Mais le Puea Thai semble malgré tout en passe de devenir le plus grand parti de la chambre basse, avec 137 sièges attribués par circonscription contre 97 pour le Phalang Pracharat, selon les premiers chiffres.
Il pourrait aussi recevoir un coup de pouce salvateur de la part des autres partis du camp pro-démocratie, bien décidés à créer une alliance.
Future Forward – ou Anakot Maï en thaï qui signifie Nouvel Avenir-, une force politique nouvelle centrée sur les jeunes et qui a recueilli plus de cinq millions de voix, a déclaré dans un communiqué mardi soir qu'elle rejoindrait "une coalition de partis opposés au prolongement" du régime de la junte.
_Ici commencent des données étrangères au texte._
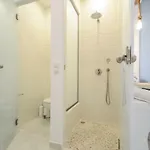 Smirida شقة Naxos City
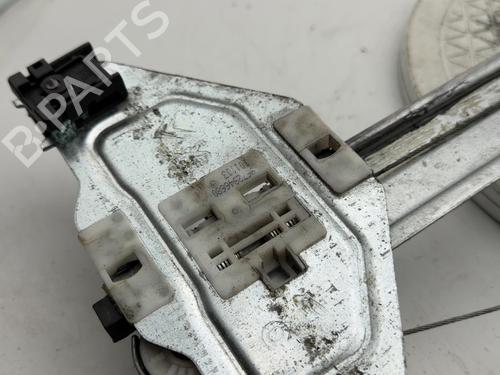 Used Front left window mechanism Front left window mechanism 37285650 37285650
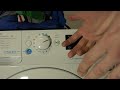 Review Of Indesit Innex BWE81496X 8kg 1400 Spin Washing Machine With Steam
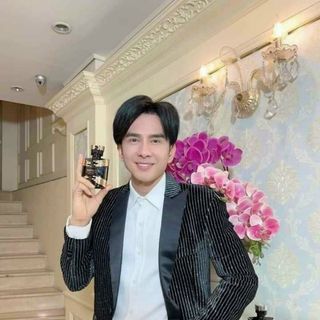 Nước hoa good Charme perfect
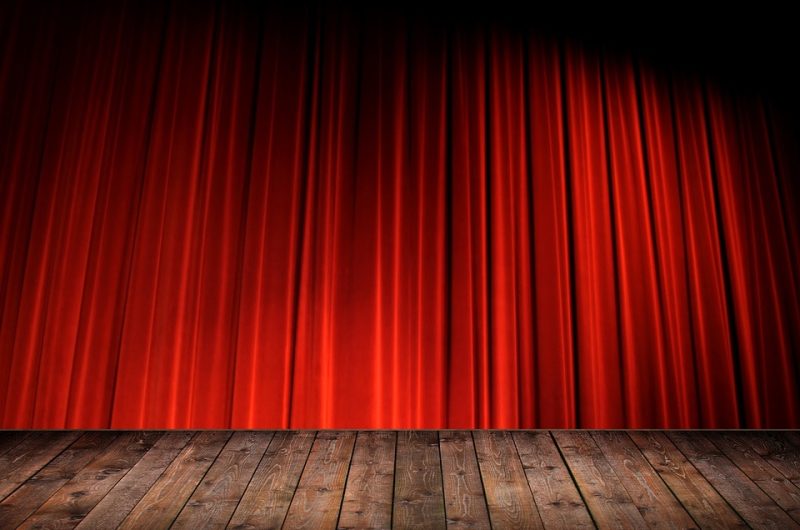 Theatre-220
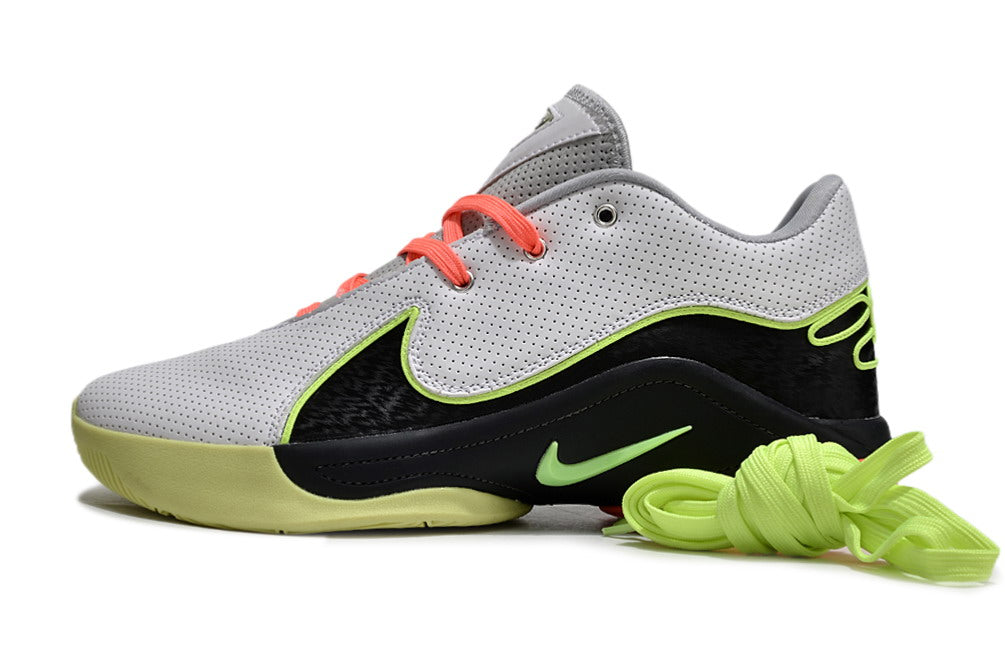 NIKE LeBron 22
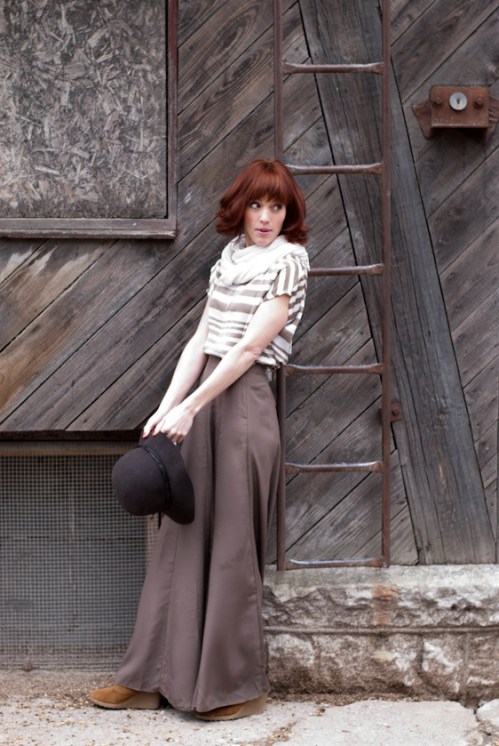 twiggyave_brown+brown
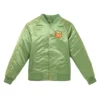 Muppet Show 50th Anniversary Jacket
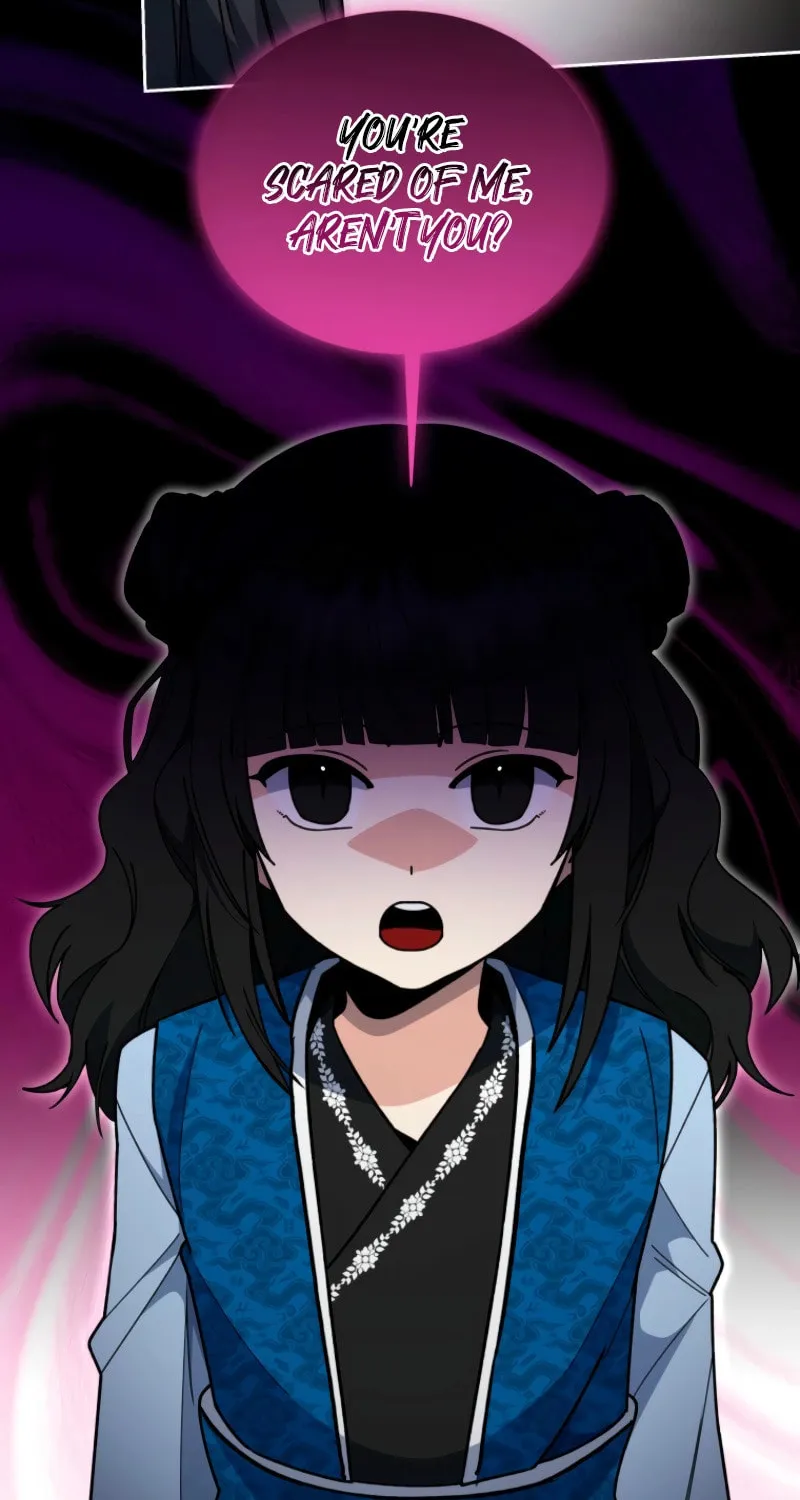 Winterbell Chapter 38 page 24 - 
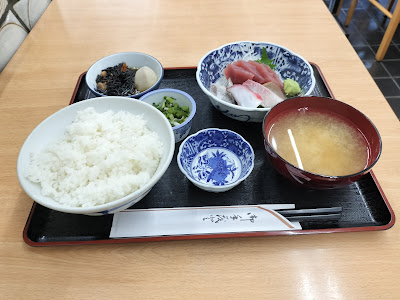 Tokiwa Restaurant 사진 5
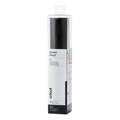Smart Vinyl&trade; Matless Permanent Vinyl (12 ft) - Black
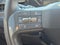 2024 Kia EV9 Land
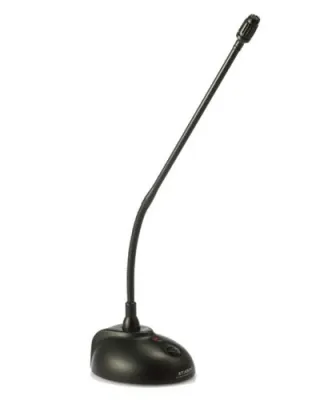 199223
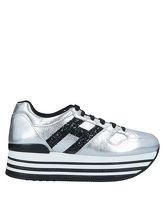 HOGAN Low Sneakers & Tennisschuhe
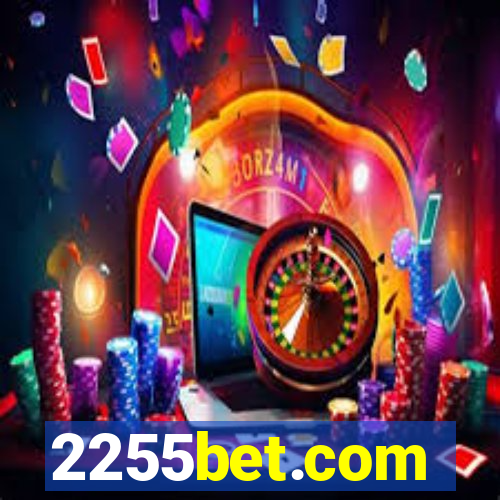 2255bet.com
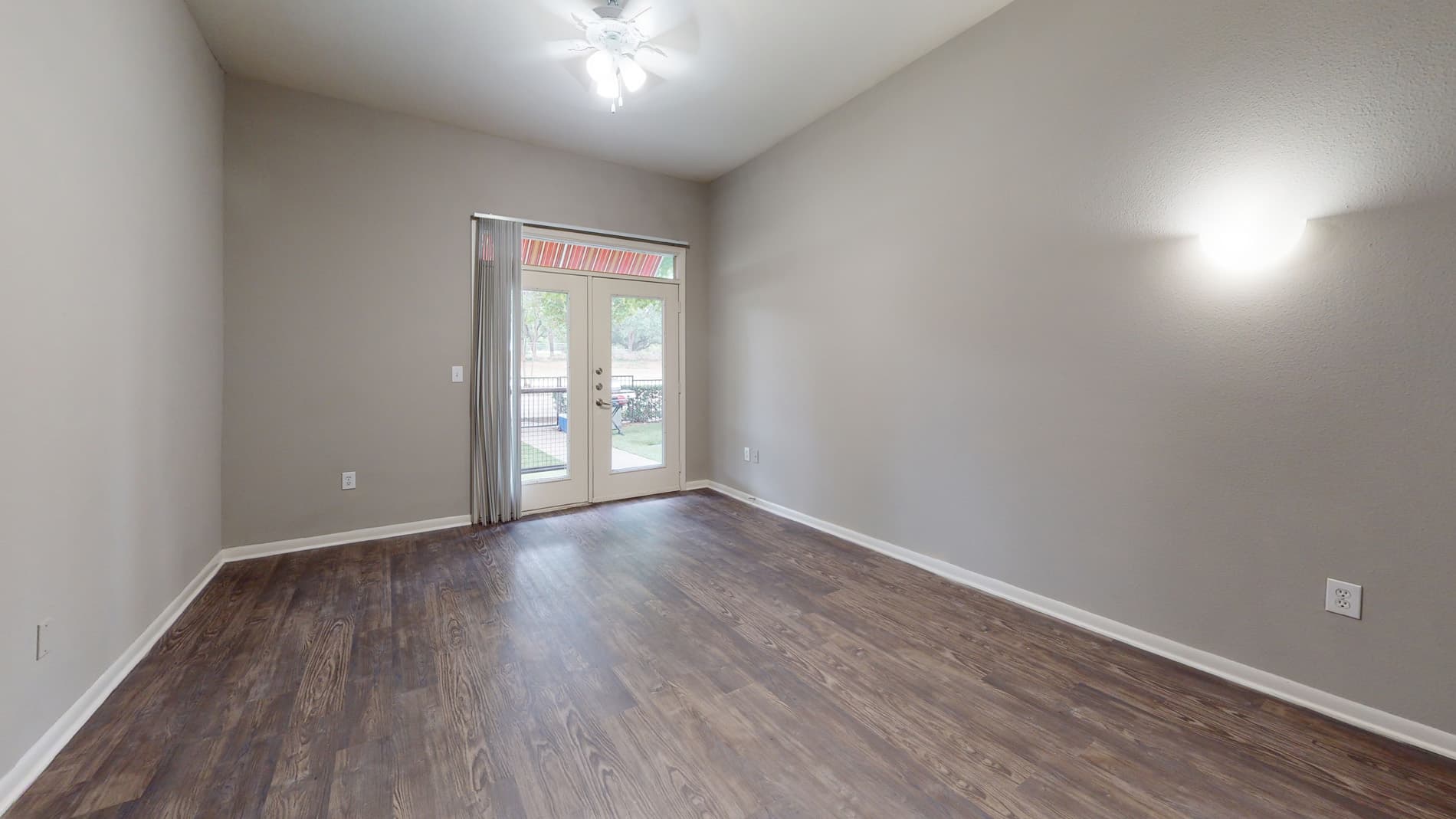 Legacy Village Apartment Homes 2 of 5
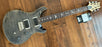 PRS CE 24 Electric Guitar Faded Gray Black Pattern Thin 0389722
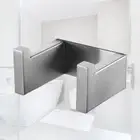 Wall Shelf Wall Hooks Coat Rack Wall Mounted Towel Hook Radiator Shelf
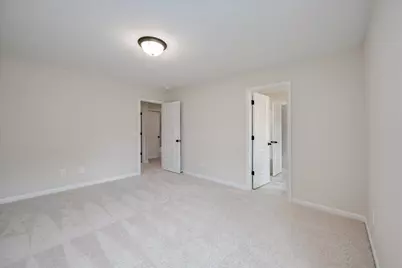 1109 Southall Lane #85, Grovetown, GA 30813 - Photo 32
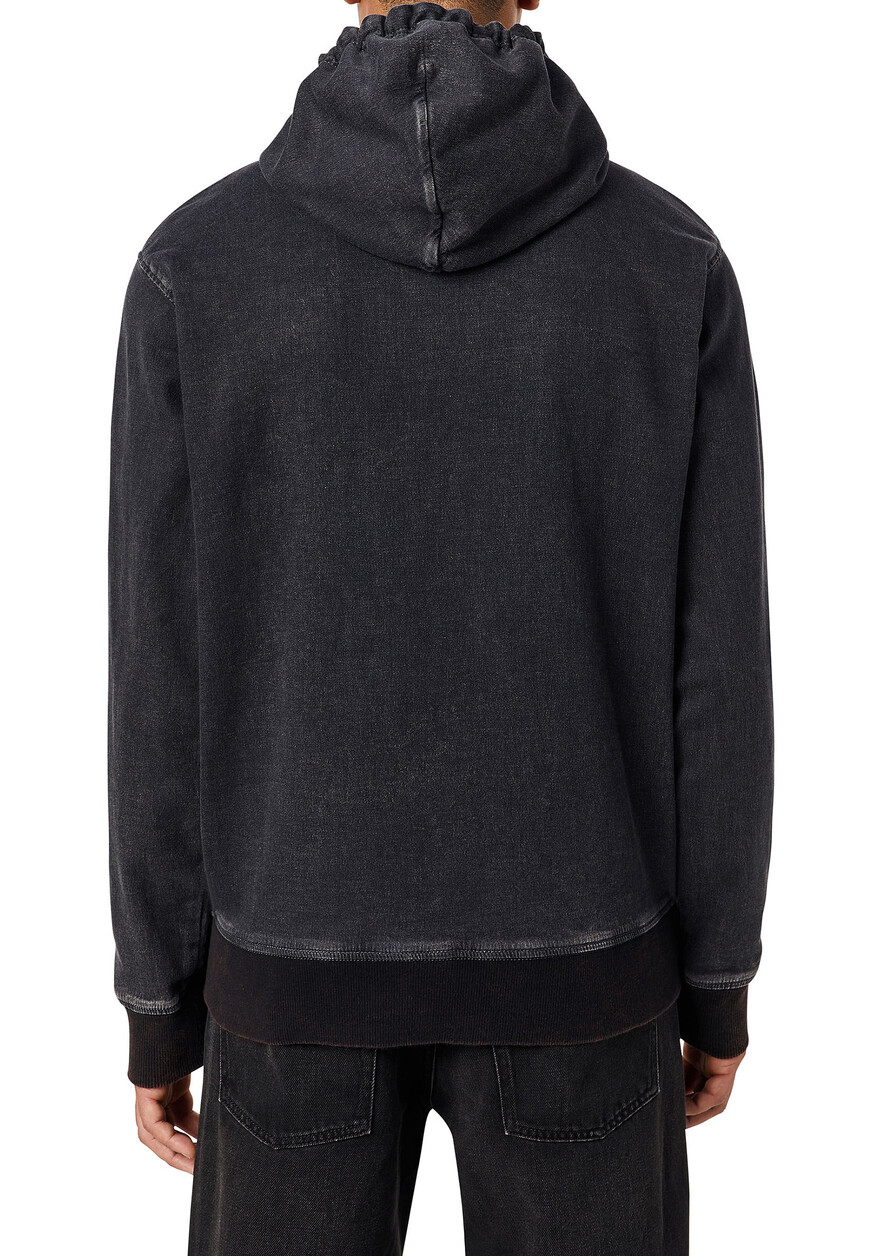 толстовка  A03938 069ZE купить с доставкой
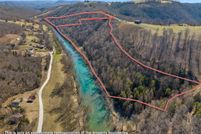 Recreational Property for sale in Claiborne County, Tennessee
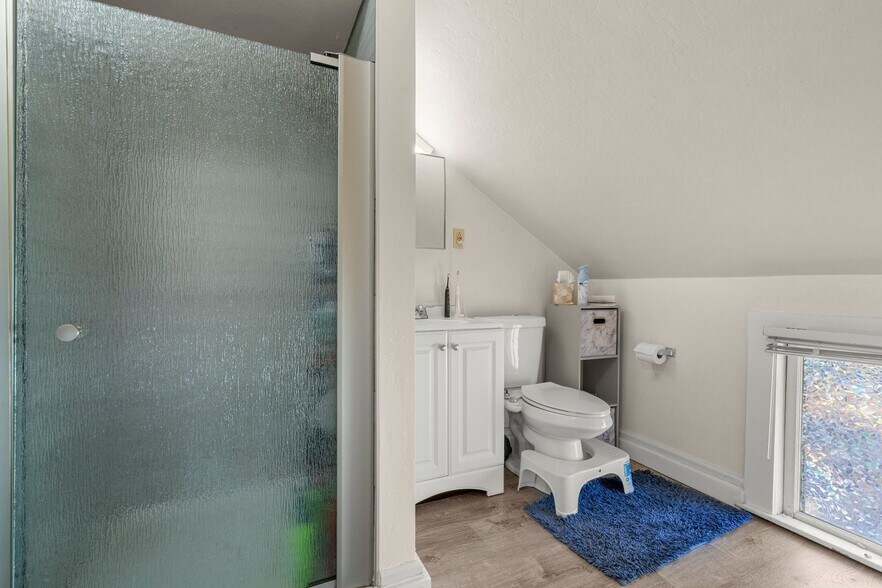 More Photos Of 142 N Central Ave, Campbell Office Residential For Sale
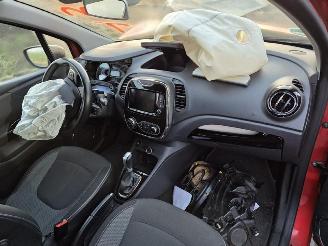 Renault Captur 1.2 TCe picture 5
Ces partis doivent se rencontrer mercredi et donneront davantage de détails.
Sous la direction du télégénique Thanathorn Juangroongruangkit, Future Forward a remporté 30 sièges issus des circonscriptions et devrait en récolter davantage lorsque les sièges attribués selon le système de liste -où le vote populaire importera davantage- seront annoncés.
Les experts prédisent des jours -voire des semaines- de négociations difficiles, Puea Thai et Phalang Pracharat revendiquant le droit de former un gouvernement.
Un autre parti, plus petit, le Bhumjaithai, formation rassemblant une clique de milliardaires dont l’allégeance varie au gré des vents politiques, devrait jouer un rôle crucial pour faire basculer une majorité de la chambre basse vers ou contre le parti de la junte.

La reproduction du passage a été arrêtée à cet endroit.